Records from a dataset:
* * * * * * * * *
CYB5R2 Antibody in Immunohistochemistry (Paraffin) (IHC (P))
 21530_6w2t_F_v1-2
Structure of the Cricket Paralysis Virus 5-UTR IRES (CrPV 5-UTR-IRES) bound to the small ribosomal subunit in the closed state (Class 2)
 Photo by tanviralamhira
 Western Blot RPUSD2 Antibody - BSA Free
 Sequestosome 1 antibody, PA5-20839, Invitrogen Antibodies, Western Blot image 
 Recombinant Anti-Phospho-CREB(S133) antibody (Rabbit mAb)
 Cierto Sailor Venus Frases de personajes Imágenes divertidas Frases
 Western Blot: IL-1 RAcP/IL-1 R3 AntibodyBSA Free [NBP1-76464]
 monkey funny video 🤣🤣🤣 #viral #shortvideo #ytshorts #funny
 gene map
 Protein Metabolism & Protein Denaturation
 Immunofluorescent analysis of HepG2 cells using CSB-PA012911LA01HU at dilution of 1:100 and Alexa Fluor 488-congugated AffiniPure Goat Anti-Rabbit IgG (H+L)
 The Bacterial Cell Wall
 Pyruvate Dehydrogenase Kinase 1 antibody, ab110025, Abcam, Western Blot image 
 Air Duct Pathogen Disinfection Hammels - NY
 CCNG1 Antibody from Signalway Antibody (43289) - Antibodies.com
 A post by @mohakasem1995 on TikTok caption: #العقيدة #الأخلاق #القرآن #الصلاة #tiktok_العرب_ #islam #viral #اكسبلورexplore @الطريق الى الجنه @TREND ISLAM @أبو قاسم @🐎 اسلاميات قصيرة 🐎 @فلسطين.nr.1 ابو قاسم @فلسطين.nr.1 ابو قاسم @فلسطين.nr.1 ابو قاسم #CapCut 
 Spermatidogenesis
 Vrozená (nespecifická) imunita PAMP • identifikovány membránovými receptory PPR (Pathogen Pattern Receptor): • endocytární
* * * * * * * * *
TASK DETAILS
Write out again only the lines from the one with "monkey funny video" through the last line of the records above. Keep every word as it stands.

SOLUTION FOR THIS PROBLEM
 monkey funny video 🤣🤣🤣 #viral #shortvideo #ytshorts #funny
 gene map
 Protein Metabolism & Protein Denaturation
 Immunofluorescent analysis of HepG2 cells using CSB-PA012911LA01HU at dilution of 1:100 and Alexa Fluor 488-congugated AffiniPure Goat Anti-Rabbit IgG (H+L)
 The Bacterial Cell Wall
 Pyruvate Dehydrogenase Kinase 1 antibody, ab110025, Abcam, Western Blot image 
 Air Duct Pathogen Disinfection Hammels - NY
 CCNG1 Antibody from Signalway Antibody (43289) - Antibodies.com
 A post by @mohakasem1995 on TikTok caption: #العقيدة #الأخلاق #القرآن #الصلاة #tiktok_العرب_ #islam #viral #اكسبلورexplore @الطريق الى الجنه @TREND ISLAM @أبو قاسم @🐎 اسلاميات قصيرة 🐎 @فلسطين.nr.1 ابو قاسم @فلسطين.nr.1 ابو قاسم @فلسطين.nr.1 ابو قاسم #CapCut 
 Spermatidogenesis
 Vrozená (nespecifická) imunita PAMP • identifikovány membránovými receptory PPR (Pathogen Pattern Receptor): • endocytární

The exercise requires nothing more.